--- WHAT IS EXPECTED ---
In the material below, find the line containing "Strapless Floral Satin" and the line containing "Area Distressed Crystal". Output those two lines and all lines between them exactly, without pictures.

--- GIVEN RECORDS ---

┌──

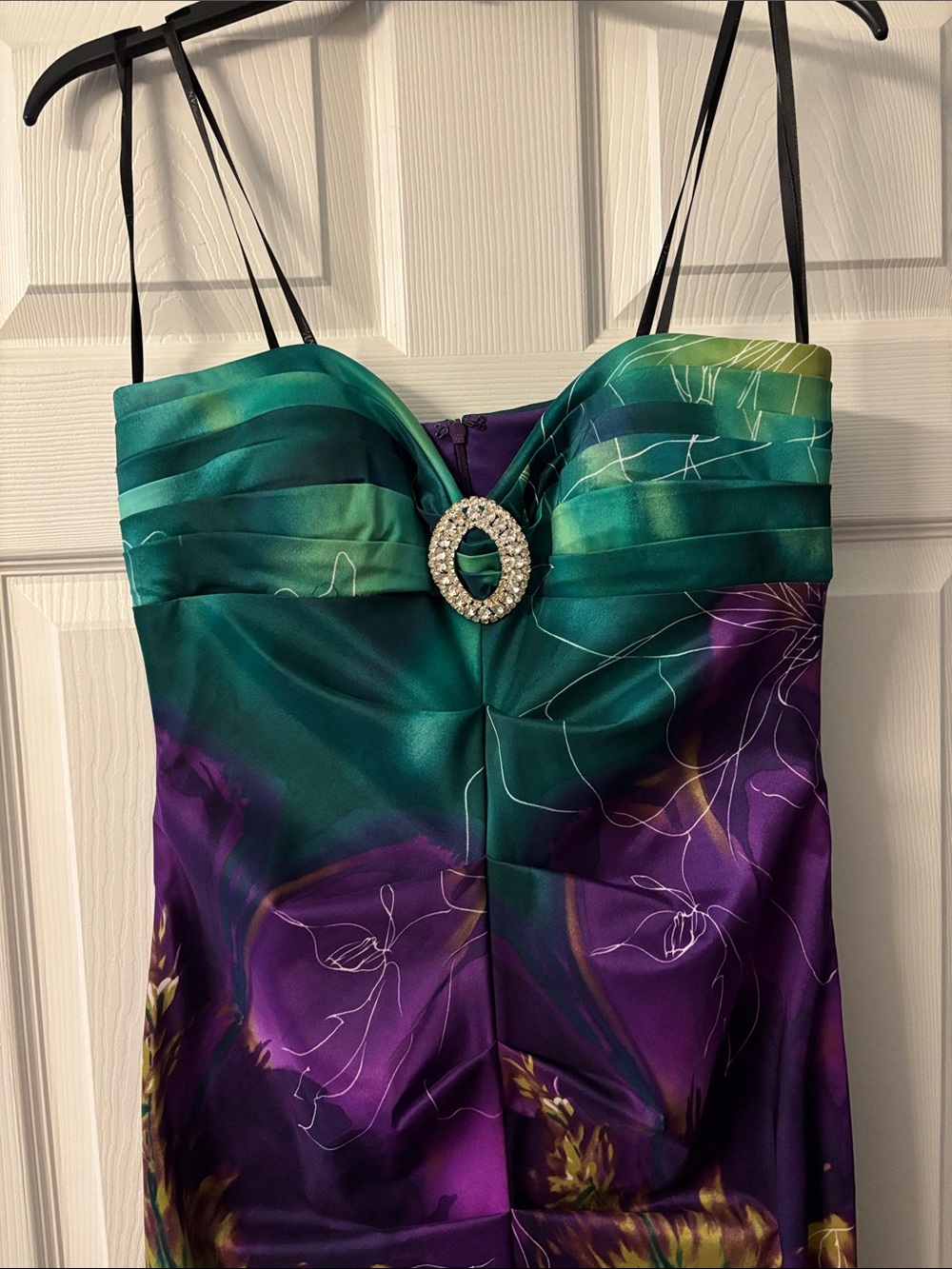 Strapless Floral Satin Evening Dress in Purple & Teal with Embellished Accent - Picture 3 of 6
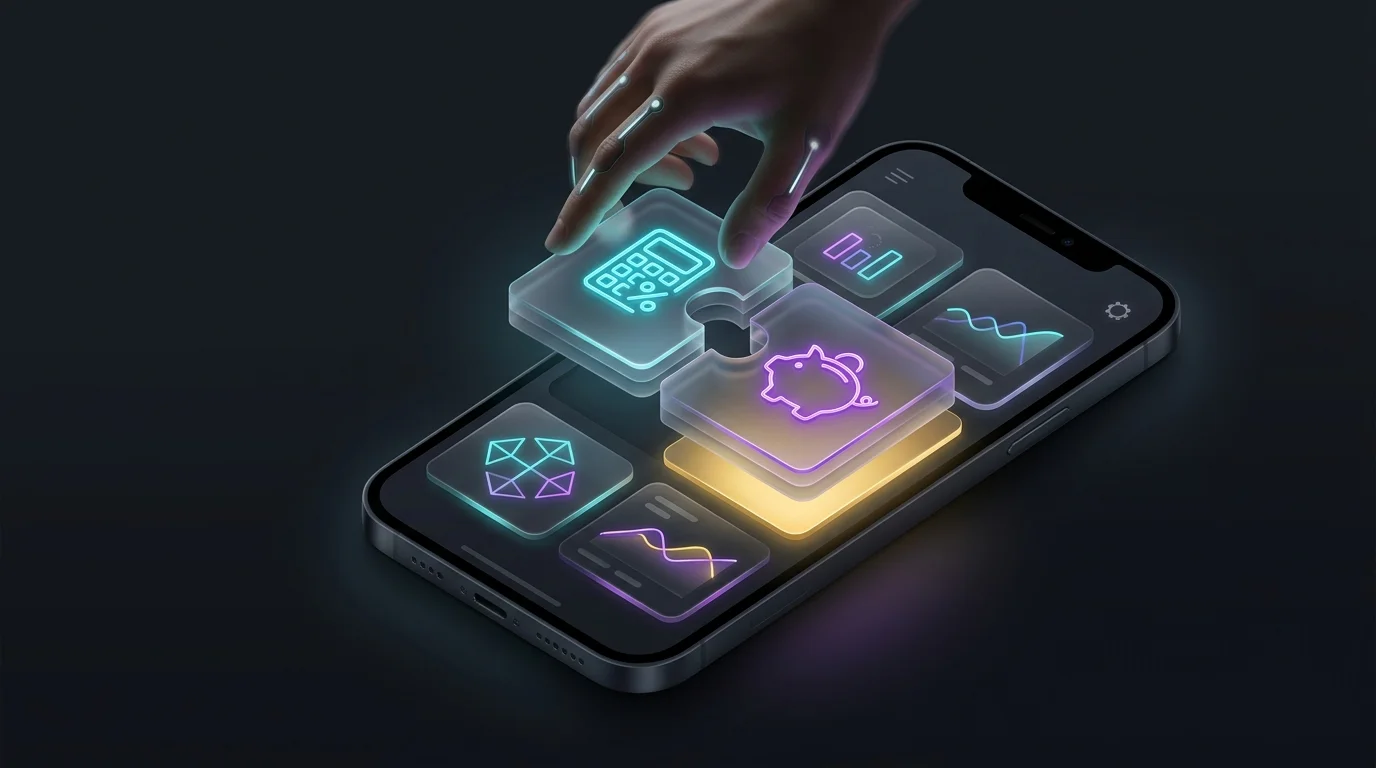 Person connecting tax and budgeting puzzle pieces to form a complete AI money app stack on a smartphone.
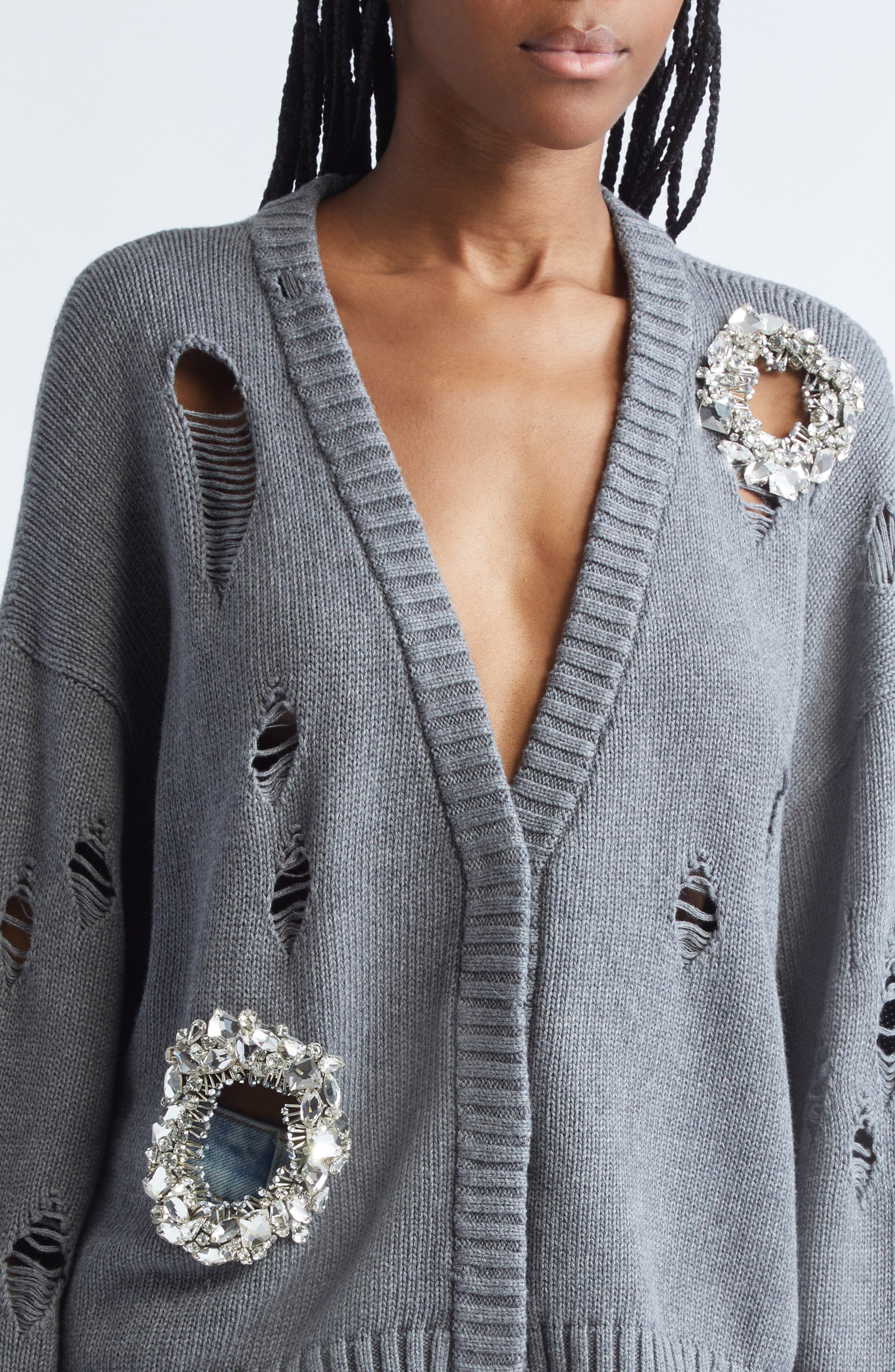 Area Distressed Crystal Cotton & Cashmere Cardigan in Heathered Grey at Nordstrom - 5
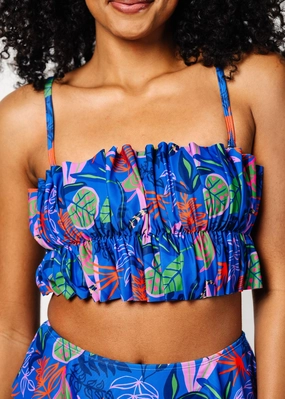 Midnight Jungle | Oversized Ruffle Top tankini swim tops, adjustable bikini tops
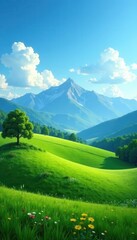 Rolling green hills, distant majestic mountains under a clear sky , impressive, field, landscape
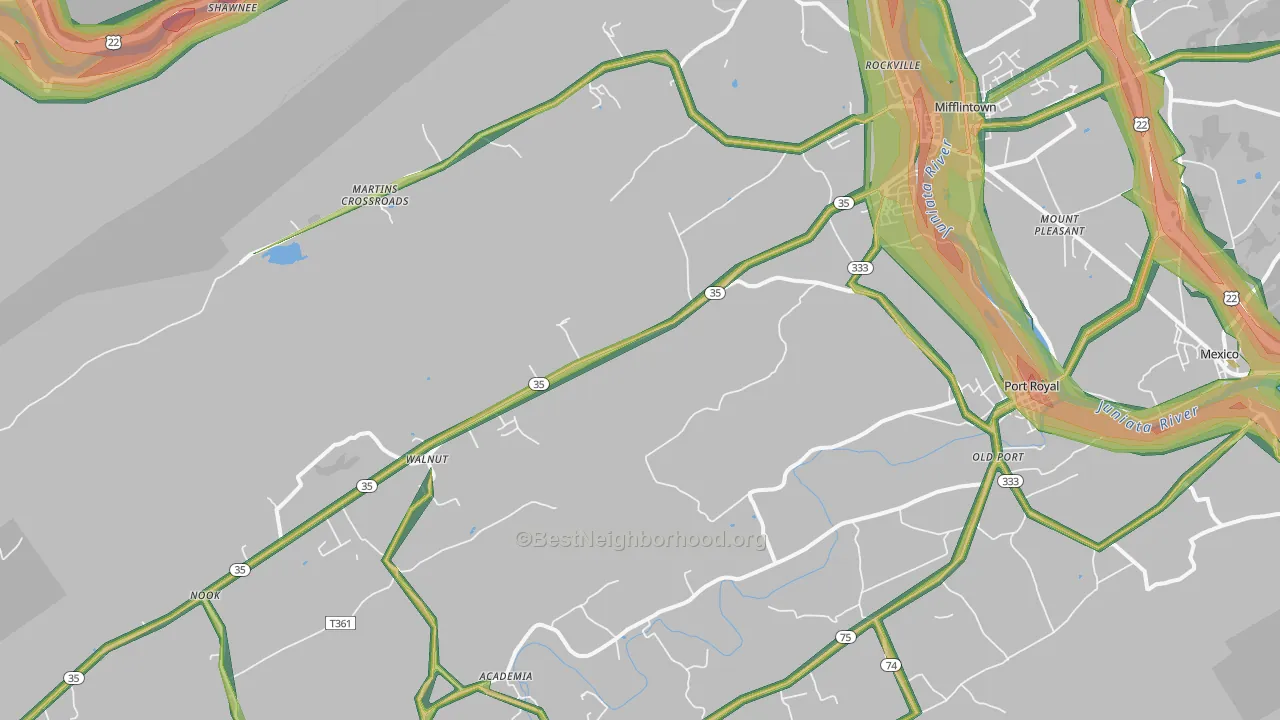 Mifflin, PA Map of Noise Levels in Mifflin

└──
┌──

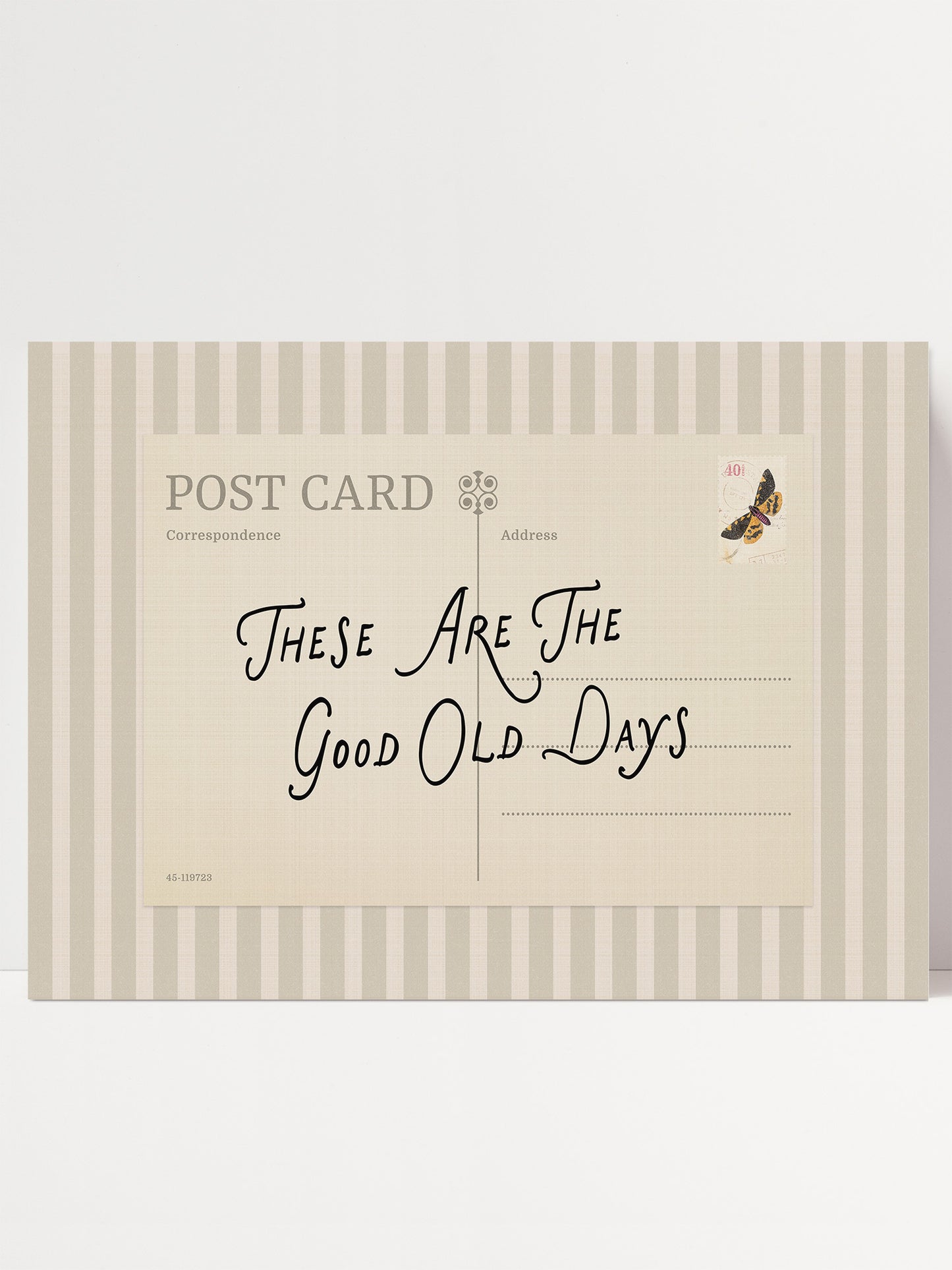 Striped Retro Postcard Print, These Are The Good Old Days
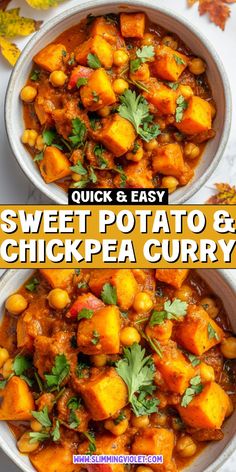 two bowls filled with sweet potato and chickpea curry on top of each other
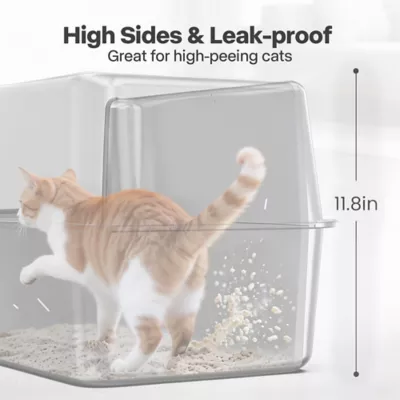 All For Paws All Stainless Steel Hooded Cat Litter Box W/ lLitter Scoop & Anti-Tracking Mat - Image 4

└──

--- TASK OUTPUT ---
 Strapless Floral Satin Evening Dress in Purple & Teal with Embellished Accent - Picture 3 of 6
 Person connecting tax and budgeting puzzle pieces to form a complete AI money app stack on a smartphone.
 Area Distressed Crystal Cotton & Cashmere Cardigan in Heathered Grey at Nordstrom - 5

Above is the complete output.